On the reproducibility of “CrossWalk: Fairness-Enhanced Node Representation Learning”

In this repository, you can find a re-implementation of CrossWalk: Fairness-Enhanced Node Representation Learning by Khajehnejad et al. (2022). It can be used to reproduce the results and extend on the ideas of the paper. The repository was created as part of a reproducibility study and was accepted for the ML Reproducibility Challenge 2022. For the reproducibility study itself see our Open Review Page.

Please cite the original paper if you find this useful:

@article{DBLP:journals/corr/abs-2105-02725,
  author    = {Ahmad Khajehnejad and
               Moein Khajehnejad and
               Mahmoudreza Babaei and
               Krishna P. Gummadi and
               Adrian Weller and
               Baharan Mirzasoleiman},
  title     = {CrossWalk: Fairness-enhanced Node Representation Learning},
  journal   = {CoRR},
  volume    = {abs/2105.02725},
  year      = {2021},
  url       = {https://arxiv.org/abs/2105.02725},
  eprinttype = {arXiv},
  eprint    = {2105.02725},
  timestamp = {Fri, 14 May 2021 12:13:30 +0200},
  biburl    = {https://dblp.org/rec/journals/corr/abs-2105-02725.bib},
  bibsource = {dblp computer science bibliography, https://dblp.org}
}

Authors

The following authors have contributed equally:

Kieron Kretschmar
Luc Sträter
Eric Zila
Jonathan Gerbscheid

Requirements

Installation

This code was tested using the environment we provide in crosswalk.yml. We recommend using that environment to work with the code. Additionally, we recommend installing pytorch seperately, see section below.

cd crosswalk_reproduction
conda env create -f crosswalk.yml
conda activate crosswalk

Pytorch

The package makes use of the pytorch framework so please first install pytorch in this new environment according to the official instructions at https://pytorch.org/get-started/locally/. We developed the package on pytorch version 1.13.1, but newer versions are likely also supported.

Package Installation

The code itself is structured as a package as well. Now that we have setup our environment it is possible to install the reproduction package. We recommend installing the package as a local package by specificying the -e . option to enable further development and access to the data. Run the following command in the root folder of the package.

pip install -e .

GLIBCXX error

On Ubuntu you might need to add the path to your conda environment to your LD_LIBRARY_PATH. Inside your environment run:

export LD_LIBRARY_PATH=/path/to/anaconda3/envs/crosswalk/lib:$LD_LIBRARY_PATH

You can add this line to your .bashrc file for a permanent fix.

Running Instructions

Reproducing All results

To reproduce the results of the original paper, we only need to the following command:

xwalk_reprod --run-all path/to/experiments/folder

where path/to/experiments/folder is the path to the folder containing the experiment config yml files included in the repository, such as experiments/node2vec This command will iterate through all the configs in the folder and run multiple trials per experiment to calculate average and standard devation. YAML files can be grouped together in folders to do parameter sweeps, see for example experiments/param_sweeps/rice/alpha_sweep.

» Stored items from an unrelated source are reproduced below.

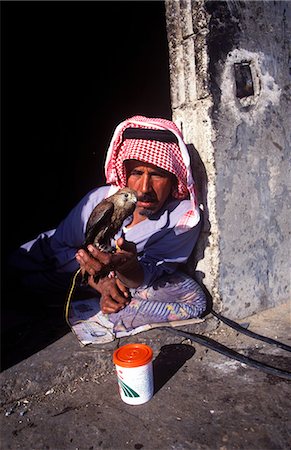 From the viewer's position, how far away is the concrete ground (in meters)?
1.98

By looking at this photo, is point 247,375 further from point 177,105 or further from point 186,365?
point 177,105

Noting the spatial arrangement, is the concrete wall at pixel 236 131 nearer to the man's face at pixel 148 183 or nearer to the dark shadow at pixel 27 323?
the man's face at pixel 148 183

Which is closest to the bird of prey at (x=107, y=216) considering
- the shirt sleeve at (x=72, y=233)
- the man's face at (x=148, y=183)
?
the man's face at (x=148, y=183)

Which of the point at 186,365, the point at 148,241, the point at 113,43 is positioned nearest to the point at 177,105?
the point at 148,241

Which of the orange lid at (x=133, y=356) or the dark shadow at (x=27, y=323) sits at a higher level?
the orange lid at (x=133, y=356)

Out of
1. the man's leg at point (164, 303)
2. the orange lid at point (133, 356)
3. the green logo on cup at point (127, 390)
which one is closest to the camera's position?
the orange lid at point (133, 356)

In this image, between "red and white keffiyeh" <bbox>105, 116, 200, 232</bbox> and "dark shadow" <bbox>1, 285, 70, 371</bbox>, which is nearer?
"dark shadow" <bbox>1, 285, 70, 371</bbox>

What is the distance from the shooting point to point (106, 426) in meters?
2.08

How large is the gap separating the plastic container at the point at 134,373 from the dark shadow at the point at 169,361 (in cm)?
16

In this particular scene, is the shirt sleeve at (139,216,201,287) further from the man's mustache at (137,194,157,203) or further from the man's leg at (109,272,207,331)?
the man's mustache at (137,194,157,203)

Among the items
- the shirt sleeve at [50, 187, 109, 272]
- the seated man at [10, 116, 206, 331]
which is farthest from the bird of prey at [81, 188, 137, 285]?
the shirt sleeve at [50, 187, 109, 272]

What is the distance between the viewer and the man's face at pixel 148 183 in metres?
2.94

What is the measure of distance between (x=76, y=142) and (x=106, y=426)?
240 inches

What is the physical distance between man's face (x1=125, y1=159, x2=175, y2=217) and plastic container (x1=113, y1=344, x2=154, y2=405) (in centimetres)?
117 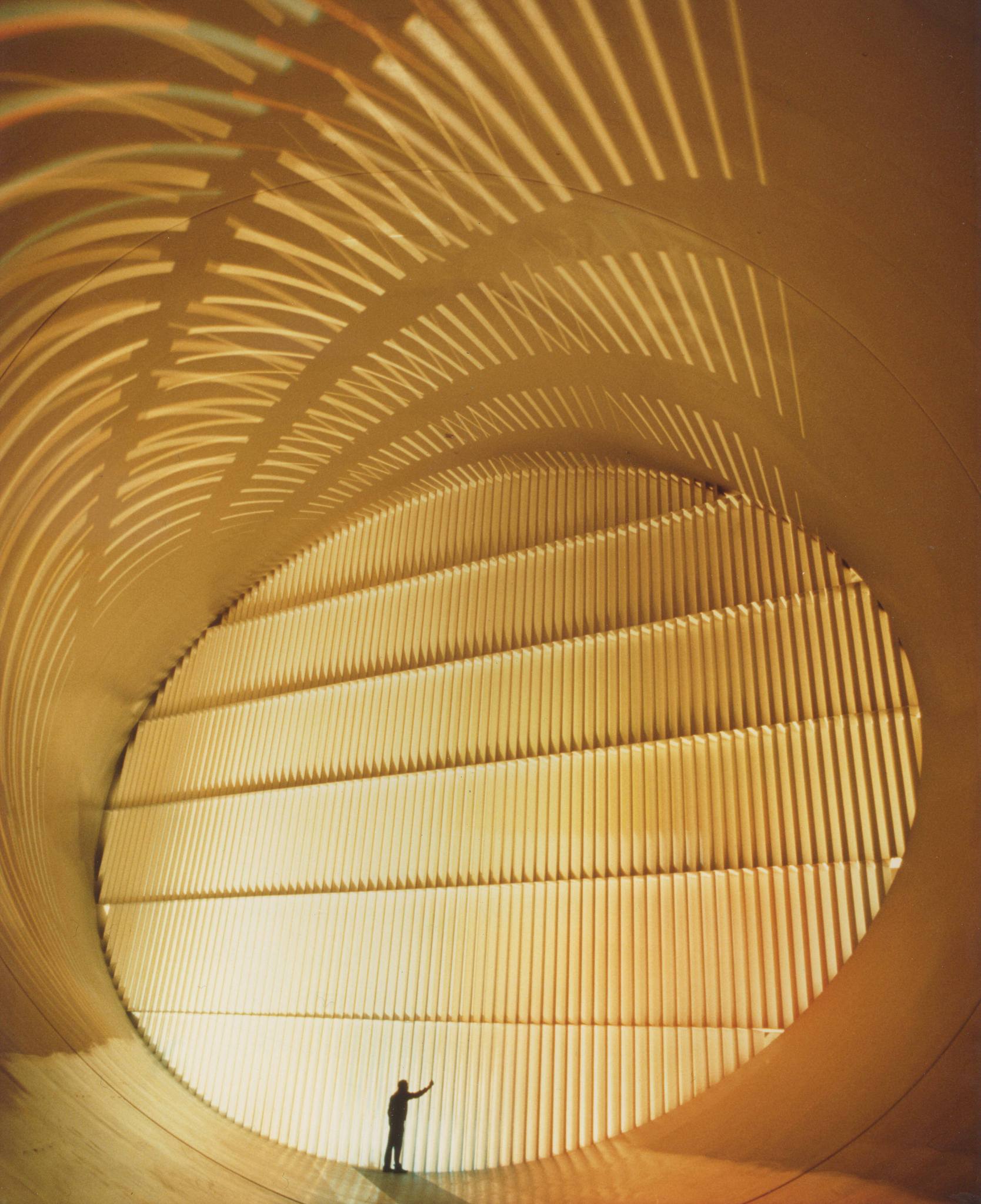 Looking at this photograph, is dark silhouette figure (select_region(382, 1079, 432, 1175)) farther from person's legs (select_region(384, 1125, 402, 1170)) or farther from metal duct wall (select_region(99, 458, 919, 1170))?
metal duct wall (select_region(99, 458, 919, 1170))

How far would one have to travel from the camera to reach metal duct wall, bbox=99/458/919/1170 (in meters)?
8.28

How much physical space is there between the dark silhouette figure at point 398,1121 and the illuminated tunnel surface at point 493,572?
0.32 meters

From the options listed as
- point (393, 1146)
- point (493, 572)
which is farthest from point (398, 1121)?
point (493, 572)

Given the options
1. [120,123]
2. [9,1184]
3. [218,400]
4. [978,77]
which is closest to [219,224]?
[120,123]

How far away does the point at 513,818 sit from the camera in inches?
382

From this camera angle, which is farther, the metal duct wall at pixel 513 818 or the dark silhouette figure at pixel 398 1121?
the dark silhouette figure at pixel 398 1121

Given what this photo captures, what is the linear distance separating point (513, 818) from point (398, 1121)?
2.90 metres

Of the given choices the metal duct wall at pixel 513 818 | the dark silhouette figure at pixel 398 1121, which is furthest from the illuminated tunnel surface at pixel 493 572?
the dark silhouette figure at pixel 398 1121

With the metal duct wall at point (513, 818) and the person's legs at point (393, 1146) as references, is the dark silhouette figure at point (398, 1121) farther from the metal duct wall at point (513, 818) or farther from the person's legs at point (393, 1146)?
the metal duct wall at point (513, 818)

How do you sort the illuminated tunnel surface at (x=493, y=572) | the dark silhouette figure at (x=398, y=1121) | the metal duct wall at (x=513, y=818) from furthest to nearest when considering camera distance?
1. the dark silhouette figure at (x=398, y=1121)
2. the metal duct wall at (x=513, y=818)
3. the illuminated tunnel surface at (x=493, y=572)

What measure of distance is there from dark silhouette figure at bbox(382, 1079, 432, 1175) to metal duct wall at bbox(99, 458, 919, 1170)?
21 cm

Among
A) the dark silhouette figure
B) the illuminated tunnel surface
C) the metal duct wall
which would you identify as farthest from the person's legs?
the illuminated tunnel surface

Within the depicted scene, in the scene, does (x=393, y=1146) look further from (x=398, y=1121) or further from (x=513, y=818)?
(x=513, y=818)

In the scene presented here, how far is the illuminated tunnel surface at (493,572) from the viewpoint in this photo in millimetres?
4980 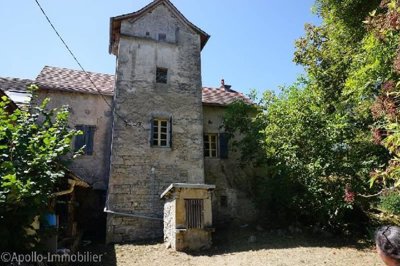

The experiment embeddings, graph and logs can be found in the generated results\<experiment_number> folder. The final results will also be written to a csv file in the root directory called run_all_results_<timestamp>.csv.

Individual Experiments

It is also possible to reproduce individual experiments by passing the config file as follows:

xwalk_reprod --cfg path/to/experiments/file.yml

Config

Each experiment.yml file contains the relevant parameters for the experiment and use those to overwrite the default arguments found in config/default.py. Any parameters not present in the .yml file will be pulled form config/default.py.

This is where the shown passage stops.